##### Information shown
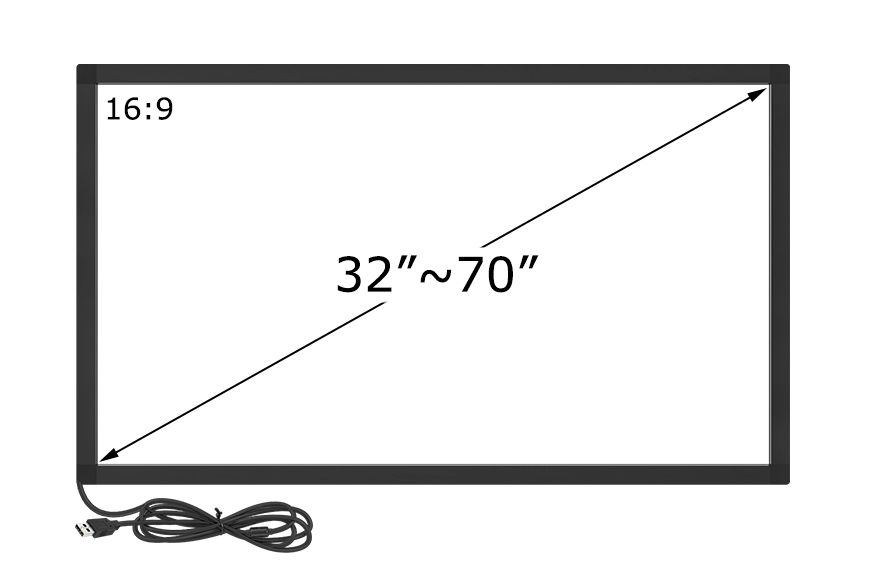 Cadre tactile infrarouge de 32 &agrave; 70 pouces (s&eacute;rie TF)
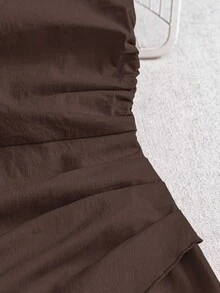 Lumivelle Waist Ruched Criss-Cross Back Cami Dress - Brown - View 4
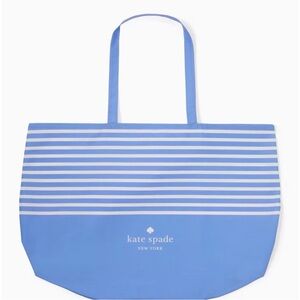 kate spade blue and white striped tote bag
##########
- [Work instructions]:
The full listing, reproduced exactly and without pictures, is the expected output.

- [Problem solution]:
 Cadre tactile infrarouge de 32 &agrave; 70 pouces (s&eacute;rie TF)
 Lumivelle Waist Ruched Criss-Cross Back Cami Dress - Brown - View 4
 kate spade blue and white striped tote bag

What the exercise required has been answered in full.